Dawn Butler MP joined 30 primary children who were singing their anti-pollution song at Westminster yesterday in support of the British Lung Foundation’s (BLF) demand for monitoring of air quality around schools.
The young singers who attend Gayhurst Community Primary School in Hackney, are members of the ‘I Like Clean Air’ campaign. It was formed by parents in September 2014, concerned about the impact of poor air quality on their children's growing lungs.
The BLF is working in partnership with the choir, highlighting to politicians that harmful pollution exists across many parts of the UK.
Dawn Butler, Labour MP for Brent Central said:
“Local children are particularly at risk of lung disease caused by pollution with some of the most polluted roads in Europe running through Brent Central. Pollution in Brent is 80% over the EU limit. This highlights why we all have a duty to clean up the air we breathe, and I fully support the British Lung Foundation’s call for monitoring of pollution levels around schools. I will also be working with the British Lung Foundation to set up air quality monitoring projects around Brent schools.”

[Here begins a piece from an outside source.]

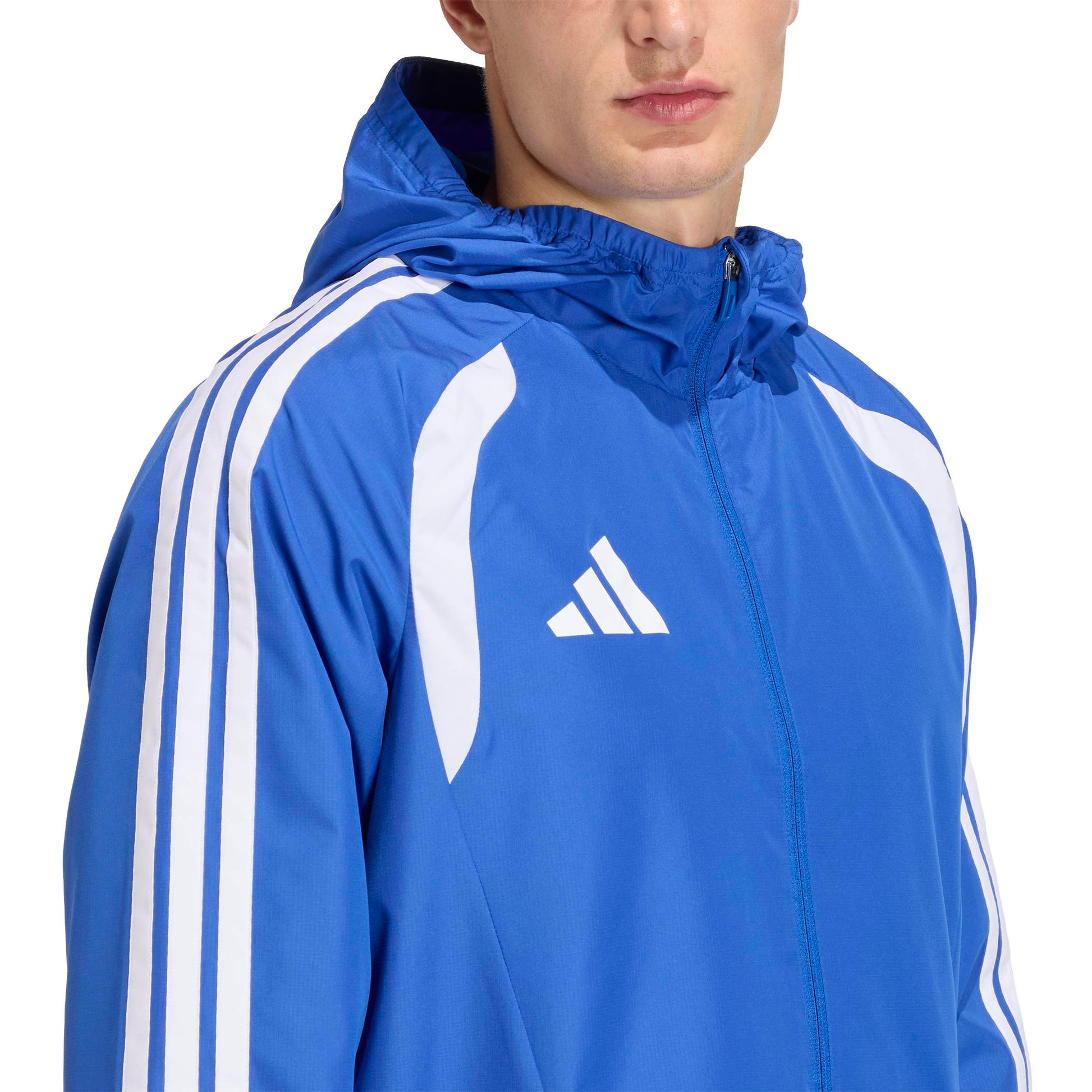 Team Royal Blue/Team Light Blue/White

3,000 schools across the UK are located in areas with illegally high levels of air pollution, according to data by DEFRA, published last year. Very few schools have air pollution monitors around them.
According to DEFRA data 11 Brent Central schools are featured on the most polluted list including Our Lady of Lourdes RC Primary School which is the 144th most polluted school in the country.
Dr Penny Woods, Chief Executive of the British Lung Foundation, said: “Pollutants can stunt the growth of children’s lungs and could cause lasting damage. It’s a worry for everyone, making existing lung problems worse, increasing our risk of lung cancer and early death more likely. We must all play a part in reducing harmful pollution.”
Worried parent Shazia Ali-Webber said: “At current rates, air quality won’t improve in major cities for a decade. Today’s primary children could have irreversible lung damage by then.”